** SUPPLIED DATA follows **

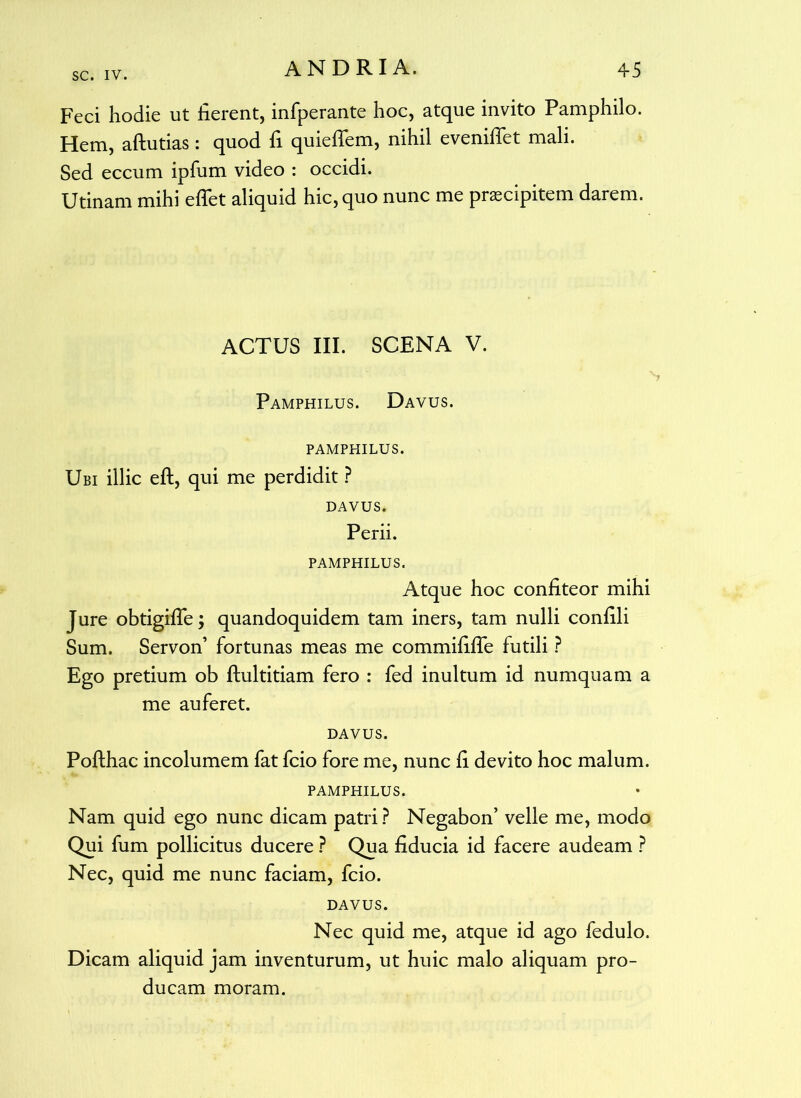 Feci hodie ut fierent, infperante hoc, atque invito Pamphilo. Hem, aftutias: quod fi quieffem, nihil evenifiet mali. Sed eccum ipfum video : occidi. Utinam mihi effiet aliquid hic, quo nunc me praecipitem darem. ACTUS III. SCENA V. Pamphilus. Davus. PAMPHILUS. Ubi illic eft, qui me perdidit ? DAVUS. Perii. PAMPHILUS. Atque hoc confiteor mihi Jure obtigiffie; quandoquidem tam iners, tam nulli confili Sum. Servon’ fortunas meas me commififfe futili ? Ego pretium ob flultitiam fero : fed inultum id numquam a me auferet. DAVUS. Pofthac incolumem fat fcio fore me, nunc fi devito hoc malum. PAMPHILUS. Nam quid ego nunc dicam patri? Negabon’ velle me, modo Qui fum pollicitus ducere ? Qua fiducia id facere audeam ? Nec, quid me nunc faciam, fcio. DAVUS. Nec quid me, atque id ago fedulo. Dicam aliquid jam inventurum, ut huic malo aliquam pro- ducam moram.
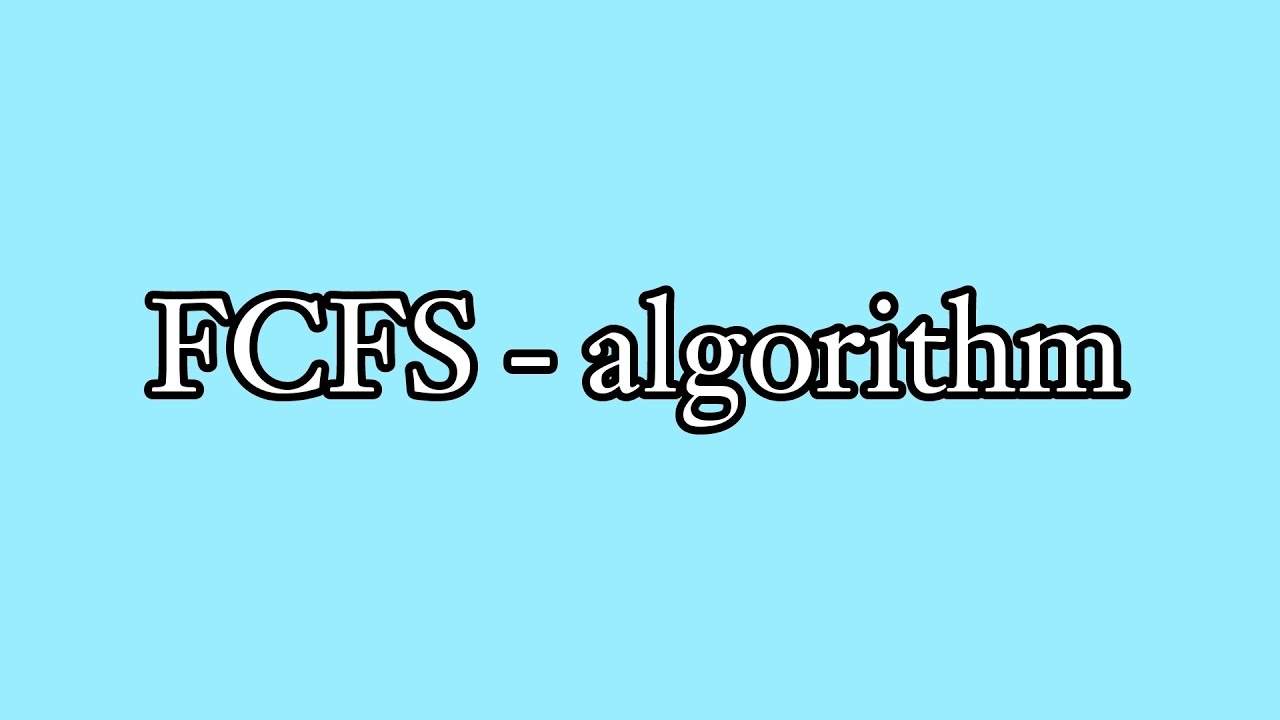 1. خوارزمية FCFS 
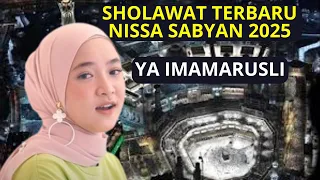 ya imamarusli hijaz sholawat terbaru nissa sabyan ramadhan 2025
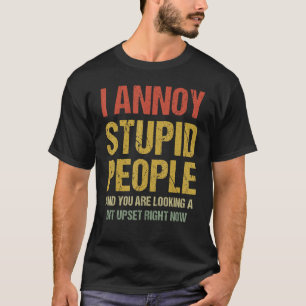 I Annoy Stupid People And You Are Looking A Bit Up T-Shirt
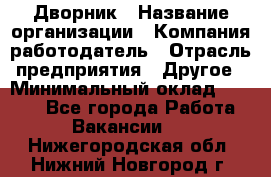 Дворник › Название организации ­ Компания-работодатель › Отрасль предприятия ­ Другое › Минимальный оклад ­ 7 000 - Все города Работа » Вакансии   . Нижегородская обл.,Нижний Новгород г.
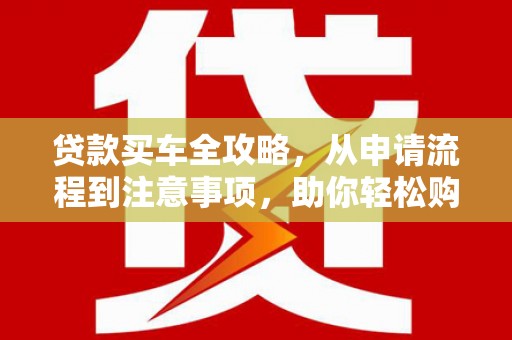 遂昌贷款买车全攻略，从申请流程到注意事项，助你轻松购车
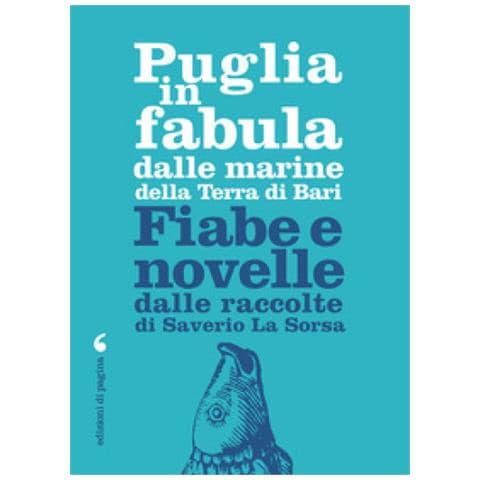 Saverio La Sorsa - Puglia In Fabula Dalle Marine Della Terra Di Bari. Fiabe E Novelle Dalle Raccolte Di Saverio La Sorsa - Foto 1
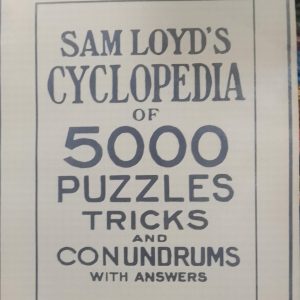 SAM LOYD'S CYCLOPEDIA OF 5000 PUZZLES TRICKS AND CONUNDRUMS WITH ANSWERS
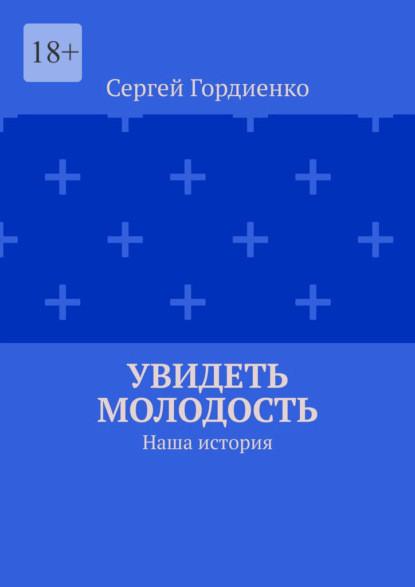 Гордиенко Сергей: Увидеть молодость. Наша история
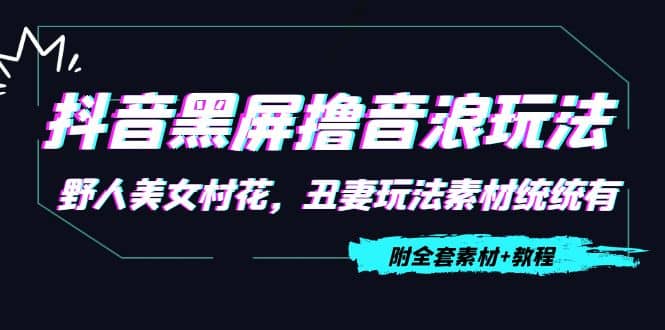 抖音黑屏撸音浪玩法：野人美女村花，丑妻玩法素材统统有【教程+素材】-创盟网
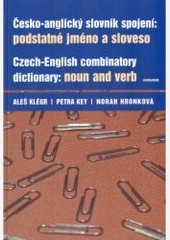 Česko-anglický slovník spojení : podstatné jméno a sloveso Česko-anglický slovník spojení : podstatné jméno a sloveso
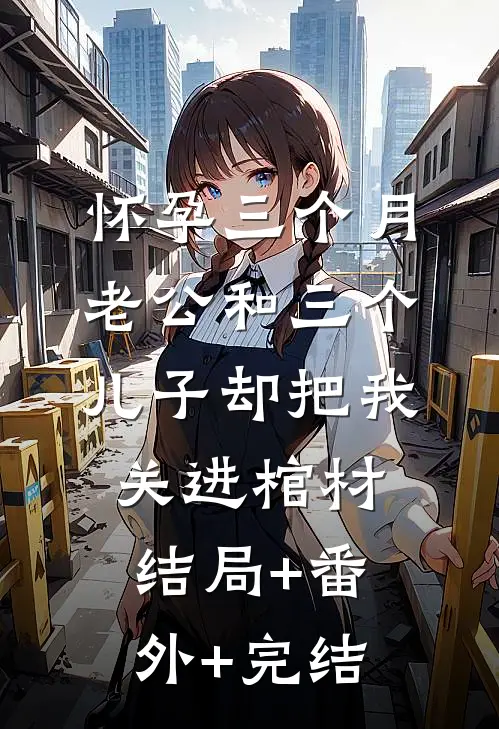 怀孕三个月，老公和三个儿子却把我关进棺材结局+番外+完结
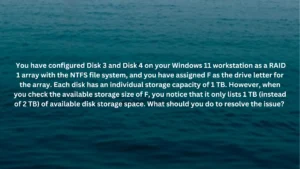 You have configured Disk 3 and Disk 4 on your Windows 11 workstation as a RAID 1 array with the NTFS file system, and you have assigned F as the drive letter for the array. Each disk has an individual storage capacity of 1 TB. However, when you check the available storage size of F, you notice that it only lists 1 TB (instead of 2 TB) of available disk storage space. What should you do to resolve the issue?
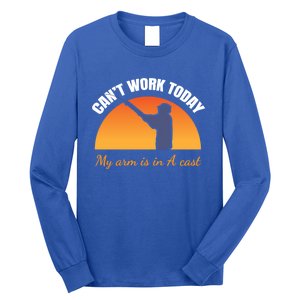 CanT Work Today My Arm Is In A Cast Funny Fly Fishing Gift Funny Gift Long Sleeve Shirt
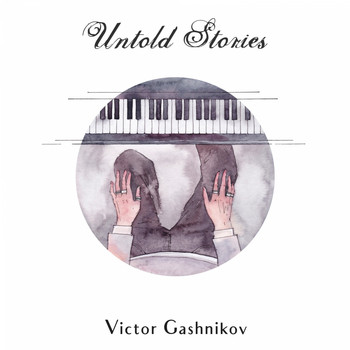 Victor Gashnikov - Untold Stories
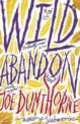 Wild Abandon, Joe Dunthorne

** End of SUPPLIED DATA **

* WHAT NEEDS TO BE DONE *
Without any picture, return exactly the lines of the records above from the first through the line that contains "怀孕三个月，老公和三个儿子却把我关进棺材结局+番外+完结".

* RESPONSE AREA *
 Feci hodie ut fierent, infperante hoc, atque invito Pamphilo. Hem, aftutias: quod fi quieffem, nihil evenifiet mali. Sed eccum ipfum video : occidi. Utinam mihi effiet aliquid hic, quo nunc me praecipitem darem. ACTUS III. SCENA V. Pamphilus. Davus. PAMPHILUS. Ubi illic eft, qui me perdidit ? DAVUS. Perii. PAMPHILUS. Atque hoc confiteor mihi Jure obtigiffie; quandoquidem tam iners, tam nulli confili Sum. Servon’ fortunas meas me commififfe futili ? Ego pretium ob flultitiam fero : fed inultum id numquam a me auferet. DAVUS. Pofthac incolumem fat fcio fore me, nunc fi devito hoc malum. PAMPHILUS. Nam quid ego nunc dicam patri? Negabon’ velle me, modo Qui fum pollicitus ducere ? Qua fiducia id facere audeam ? Nec, quid me nunc faciam, fcio. DAVUS. Nec quid me, atque id ago fedulo. Dicam aliquid jam inventurum, ut huic malo aliquam pro- ducam moram.
 1. خوارزمية FCFS 
 ya imamarusli hijaz sholawat terbaru nissa sabyan ramadhan 2025
 I Annoy Stupid People And You Are Looking A Bit Up T-Shirt
 Дворник › Название организации ­ Компания-работодатель › Отрасль предприятия ­ Другое › Минимальный оклад ­ 7 000 - Все города Работа » Вакансии   . Нижегородская обл.,Нижний Новгород г.
 遂昌贷款买车全攻略，从申请流程到注意事项，助你轻松购车
 Saverio La Sorsa - Puglia In Fabula Dalle Marine Della Terra Di Bari. Fiabe E Novelle Dalle Raccolte Di Saverio La Sorsa - Foto 1
 SAM LOYD'S CYCLOPEDIA OF 5000 PUZZLES TRICKS AND CONUNDRUMS WITH ANSWERS
 Гордиенко Сергей: Увидеть молодость. Наша история
 抖音黑屏撸音浪玩法：野人美女村花，丑妻玩法素材统统有【教程+素材】-创盟网
 Česko-anglický slovník spojení : podstatné jméno a sloveso Česko-anglický slovník spojení : podstatné jméno a sloveso
 怀孕三个月，老公和三个儿子却把我关进棺材结局+番外+完结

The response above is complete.